━━━━━ The data

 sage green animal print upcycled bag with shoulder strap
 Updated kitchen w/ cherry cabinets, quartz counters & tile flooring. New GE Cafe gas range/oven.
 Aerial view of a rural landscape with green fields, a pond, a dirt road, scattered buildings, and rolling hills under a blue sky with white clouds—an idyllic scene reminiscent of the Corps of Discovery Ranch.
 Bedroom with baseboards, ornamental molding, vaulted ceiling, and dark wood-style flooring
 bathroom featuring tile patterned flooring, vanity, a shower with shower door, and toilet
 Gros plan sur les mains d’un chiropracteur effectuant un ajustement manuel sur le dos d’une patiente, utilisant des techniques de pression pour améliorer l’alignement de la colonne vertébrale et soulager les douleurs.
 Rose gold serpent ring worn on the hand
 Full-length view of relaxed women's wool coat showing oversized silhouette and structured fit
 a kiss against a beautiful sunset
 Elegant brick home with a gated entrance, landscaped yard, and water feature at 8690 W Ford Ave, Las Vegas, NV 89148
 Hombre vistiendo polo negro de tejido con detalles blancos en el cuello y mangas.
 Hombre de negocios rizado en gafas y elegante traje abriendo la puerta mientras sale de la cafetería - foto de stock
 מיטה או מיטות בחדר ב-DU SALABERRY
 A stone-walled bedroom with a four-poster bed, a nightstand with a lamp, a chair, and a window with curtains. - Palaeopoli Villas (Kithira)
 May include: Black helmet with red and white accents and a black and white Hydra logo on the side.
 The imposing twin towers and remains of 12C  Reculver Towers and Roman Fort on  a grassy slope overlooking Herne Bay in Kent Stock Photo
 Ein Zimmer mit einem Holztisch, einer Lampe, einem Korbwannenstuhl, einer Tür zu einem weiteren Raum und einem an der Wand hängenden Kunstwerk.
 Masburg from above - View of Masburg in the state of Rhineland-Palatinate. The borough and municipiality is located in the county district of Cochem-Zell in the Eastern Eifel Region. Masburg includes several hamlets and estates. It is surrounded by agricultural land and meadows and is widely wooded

━━━━━━━━━━

◆ **What you will do**: Since only a number is wanted, please say how many lines in the data include the word "flooring".

◆ **Answer below**: 3